This entry: 31 December 2006 by John Richards

Northumberland Diary. Entry 17.

Darkest before dawn

We have just passed through the darkest three weeks of the year, thank goodness, and its downhill all the way. Am I alone in desiring the arrival of spring so devoutly that I count back wards, e.,g. today is December 31st, which is equivalent to December 11th? This starts to have a real resonance once we reach the start of February (equivalent to November 10th!).
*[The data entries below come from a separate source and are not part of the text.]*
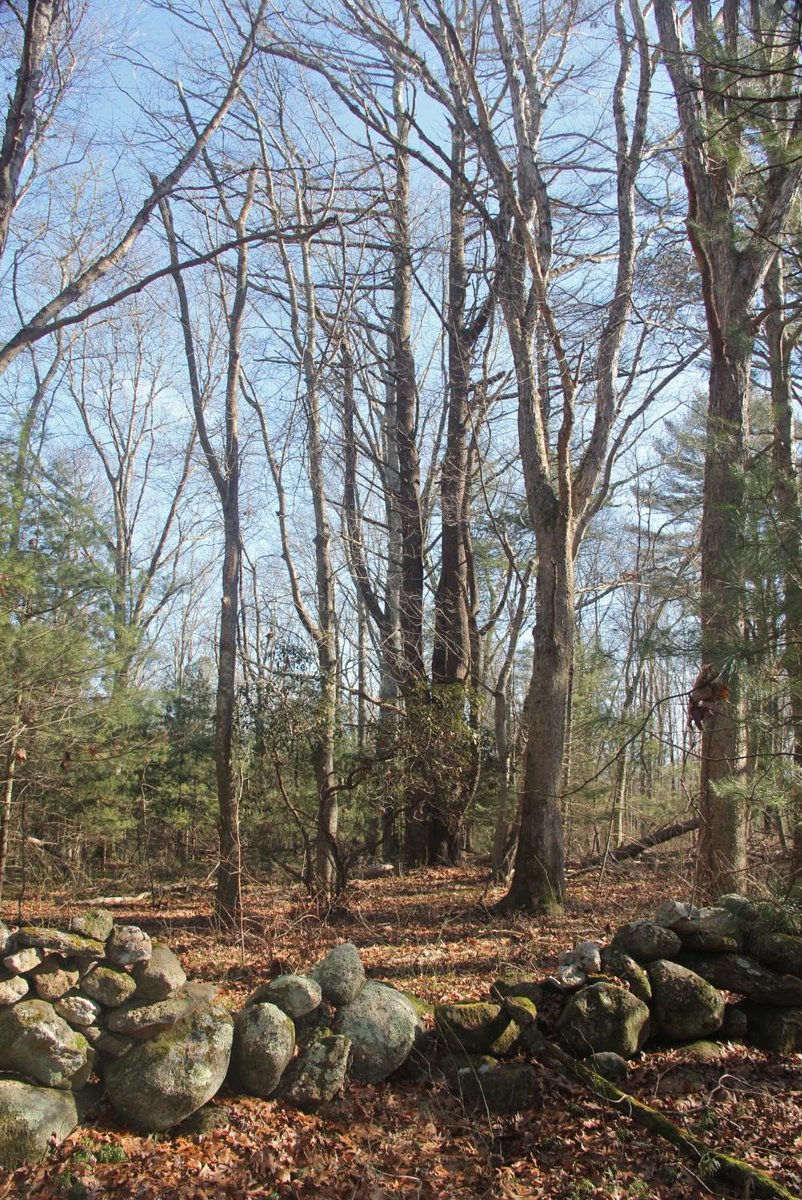 Historic stone walls dot this newly-preserved property in Charlestown.
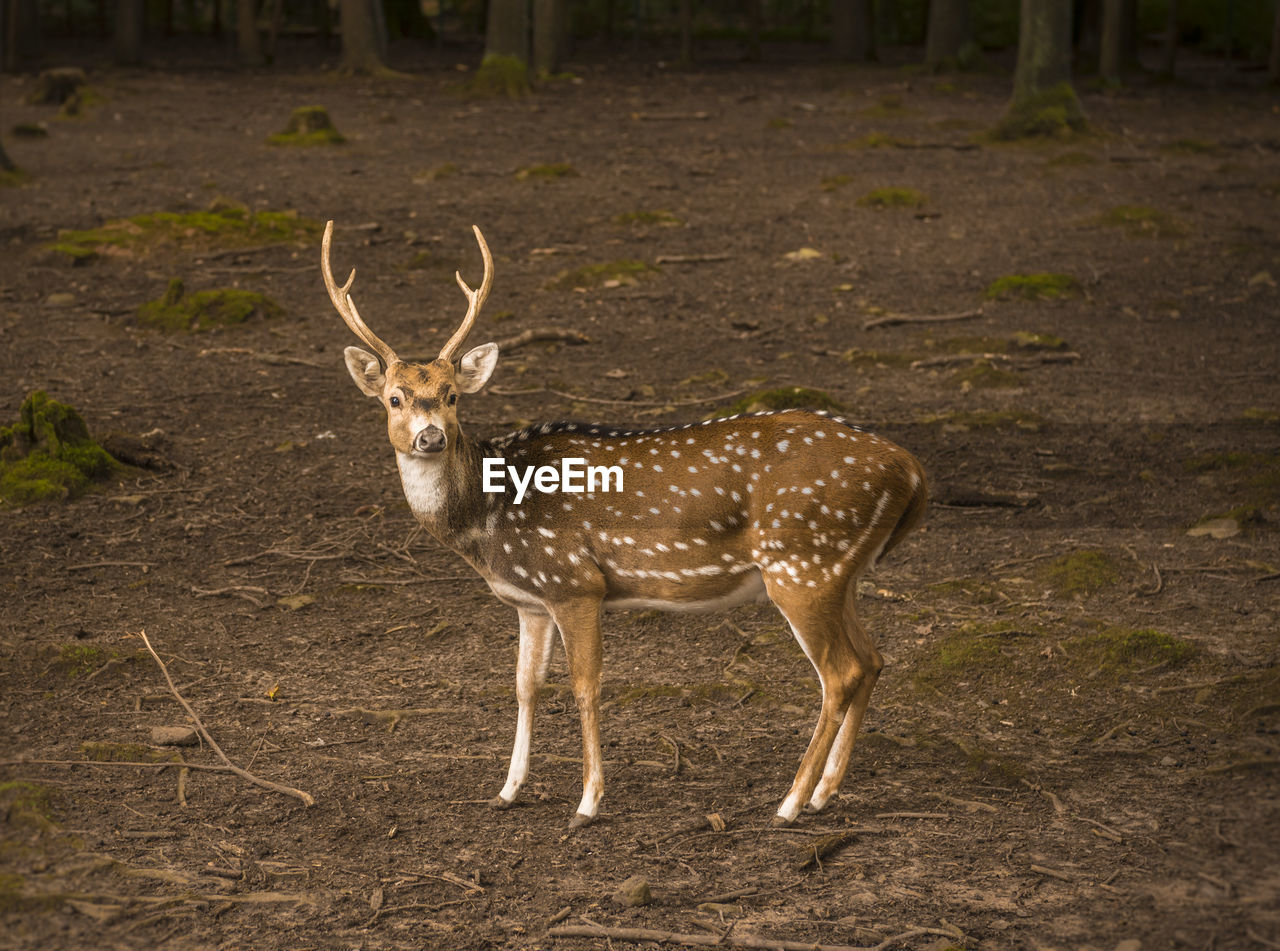 Axis deer in forest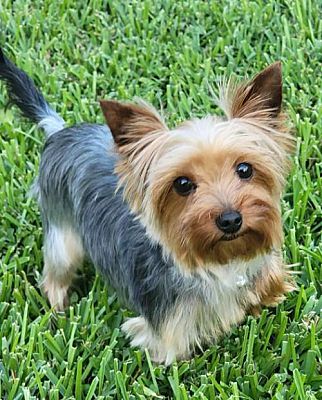 Statewide and National, TX - Yorkie, Yorkshire Terrier. Meet Sushi a ...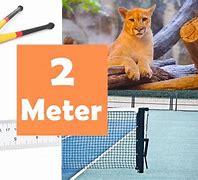 Image result for How Tall Is Two Meters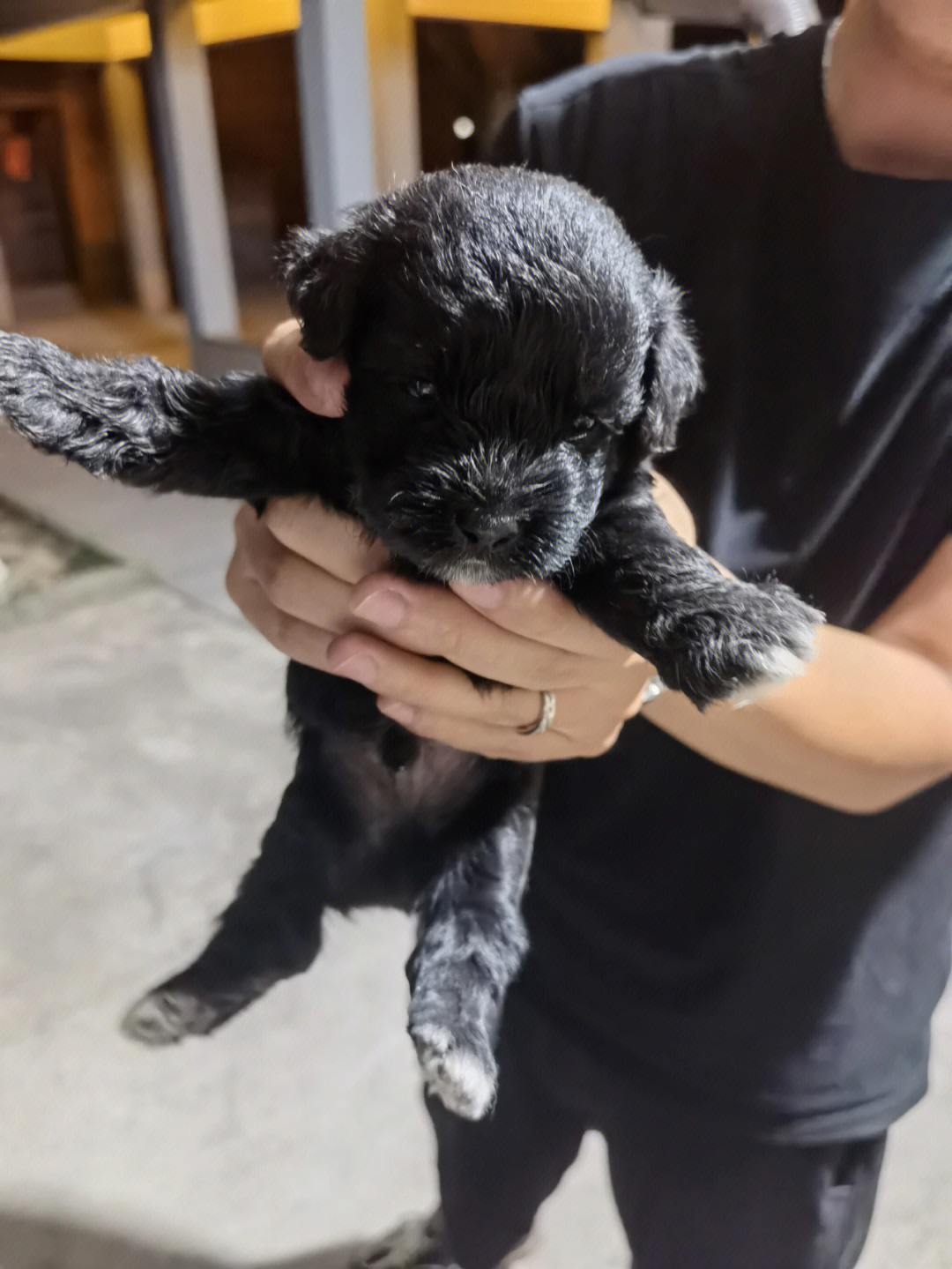 自家小土狗寻好人家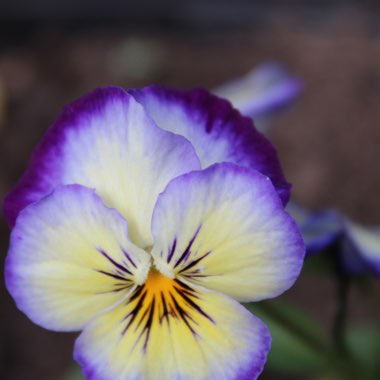 Viola  'Pink Halo'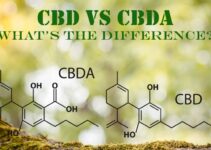 Is CBDA The New CBD?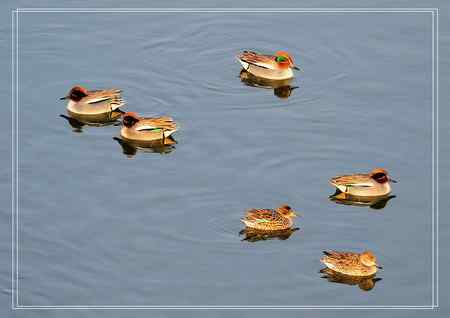 牡丹江的绿翅鸭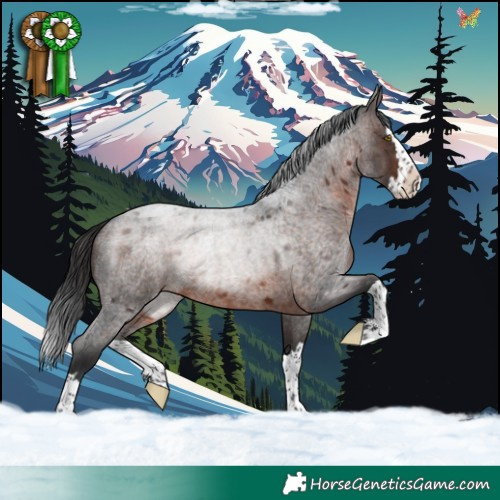 Horse Color:Brown Roan Splash Rabicano 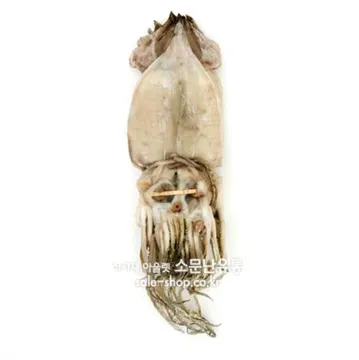 반건조오징어 1.7kg (10마리) 반건오징어 피데기 피대기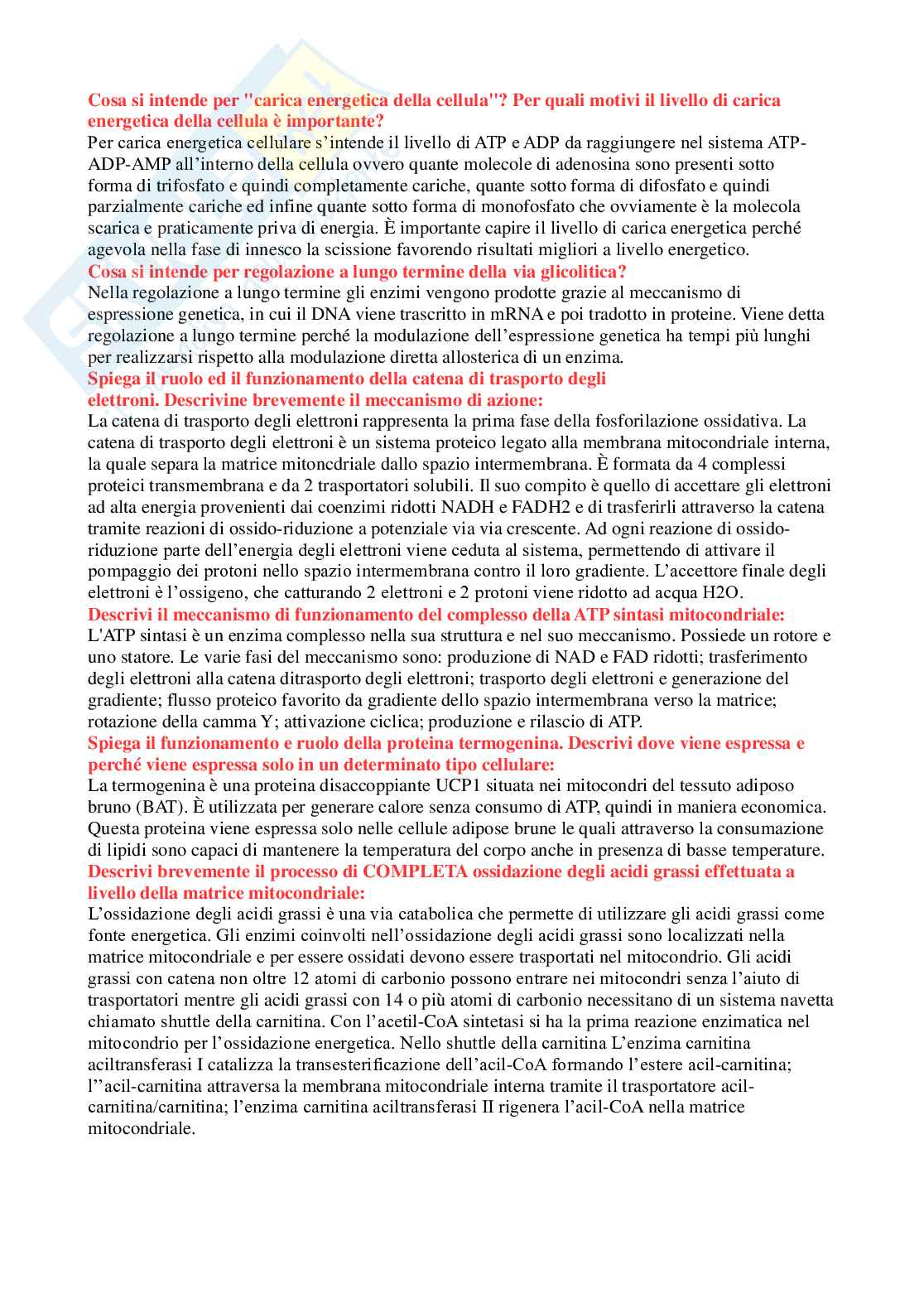 Paniere domande aperte biochimica Pag. 6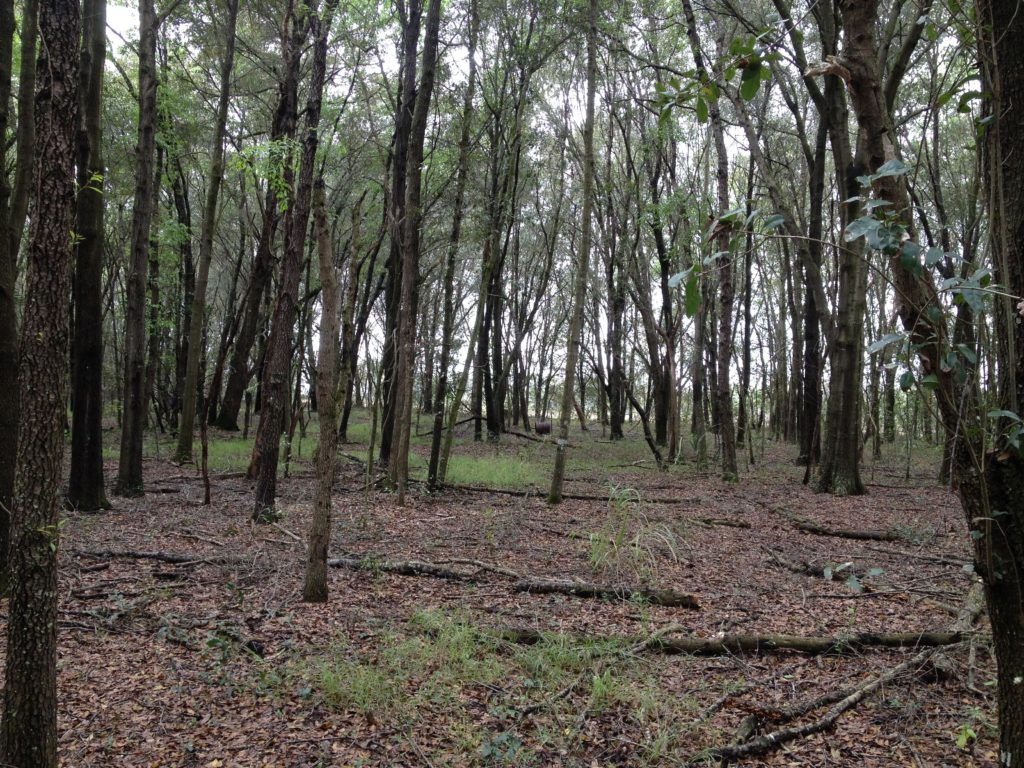 Photo: Lake Minneola property image 01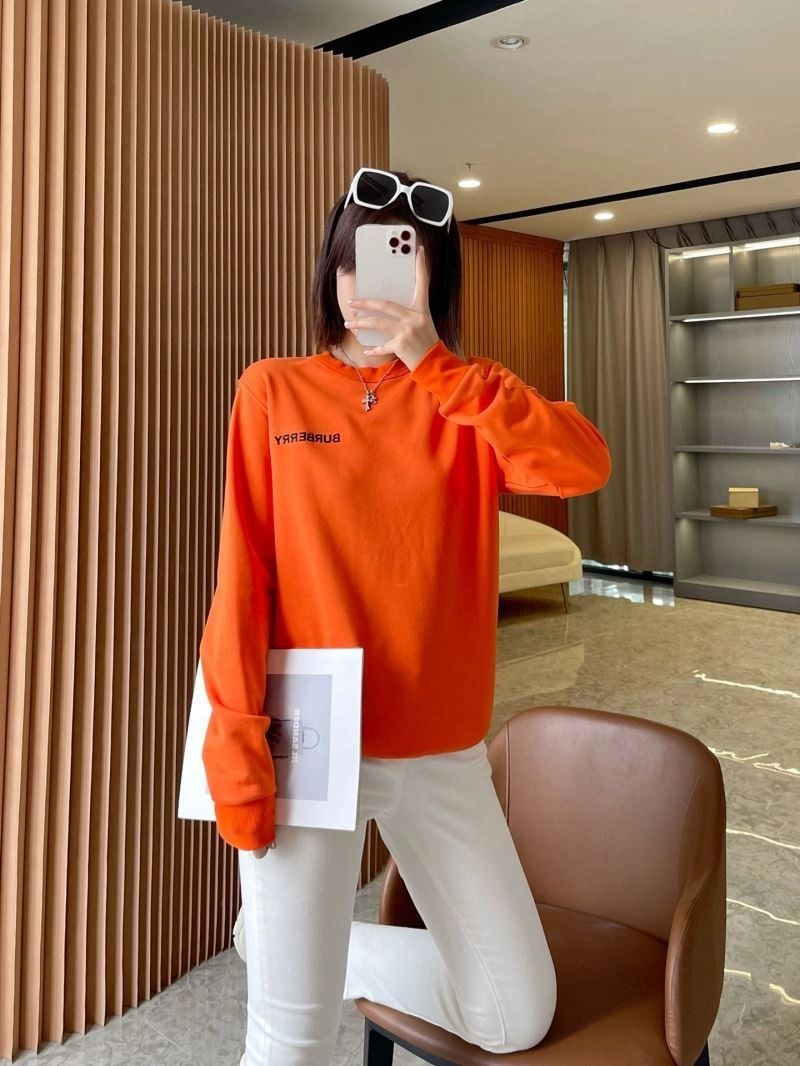 Burberry Hoodies AllSeason 103244
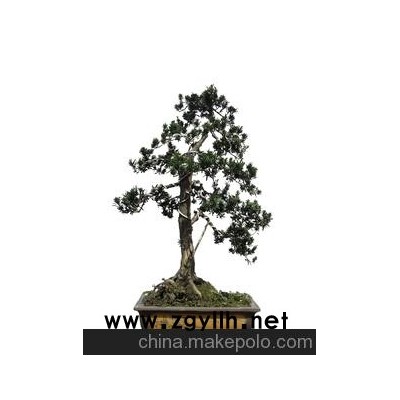 華殷苑盆景園銷售北京盆景，賣盆景，租羅漢松盆景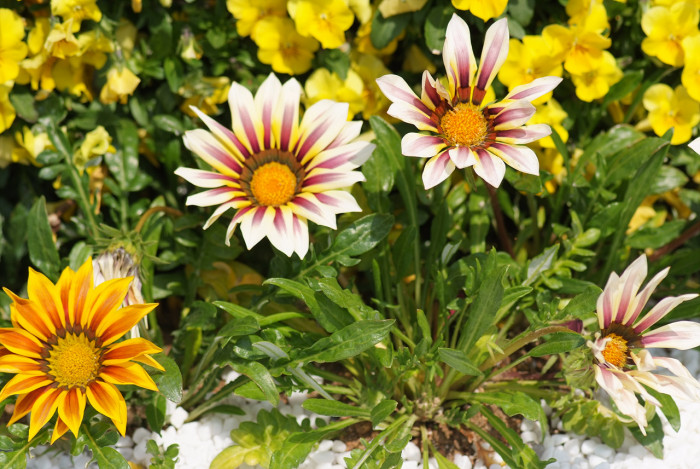 가자니아 - Gazania, Gazania rigens (L.) Gaertn.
In the last entry I mentioned that I always pick a small flower arrangement on Christmas morning, and I thought it might be interesting to list what was in it. Not a classic year, but the effect was very pretty.

Cyclamen pseudibericum, Desfontainea spinosa, Gentiana scabra, Helleborus 'Early Purple Group', Ilex 'Silver Queen', Jasminum nudiflorum, Narcissus cantabricus, N. romieuxii 'Joy Bishop', Nemesia rupicola, Skimmia x reevesiana (flowers and berries), Symphoricarpos rivularis (berries), Viburnum x bodnantense.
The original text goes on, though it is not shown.